For the listing below, output exactly the lines from the line with "Sarcófago que representa" up to and including the line with "27x40 CM Blank", and no other lines.

MATERIAL SUPPLIED →
____

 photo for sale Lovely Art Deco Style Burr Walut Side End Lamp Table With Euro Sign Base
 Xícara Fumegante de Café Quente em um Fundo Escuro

____

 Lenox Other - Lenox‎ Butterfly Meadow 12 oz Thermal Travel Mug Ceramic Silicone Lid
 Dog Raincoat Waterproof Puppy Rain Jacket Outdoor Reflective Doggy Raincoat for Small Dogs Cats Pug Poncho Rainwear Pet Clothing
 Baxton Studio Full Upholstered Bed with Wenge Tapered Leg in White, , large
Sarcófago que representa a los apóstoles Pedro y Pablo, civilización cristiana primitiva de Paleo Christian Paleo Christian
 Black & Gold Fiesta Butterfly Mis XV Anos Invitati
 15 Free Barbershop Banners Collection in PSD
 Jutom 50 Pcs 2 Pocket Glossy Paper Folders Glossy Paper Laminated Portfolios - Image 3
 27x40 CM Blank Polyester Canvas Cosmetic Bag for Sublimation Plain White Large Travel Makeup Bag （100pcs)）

____

ANSWER SPACE →
Sarcófago que representa a los apóstoles Pedro y Pablo, civilización cristiana primitiva de Paleo Christian Paleo Christian
 Black & Gold Fiesta Butterfly Mis XV Anos Invitati
 15 Free Barbershop Banners Collection in PSD
 Jutom 50 Pcs 2 Pocket Glossy Paper Folders Glossy Paper Laminated Portfolios - Image 3
 27x40 CM Blank Polyester Canvas Cosmetic Bag for Sublimation Plain White Large Travel Makeup Bag （100pcs)）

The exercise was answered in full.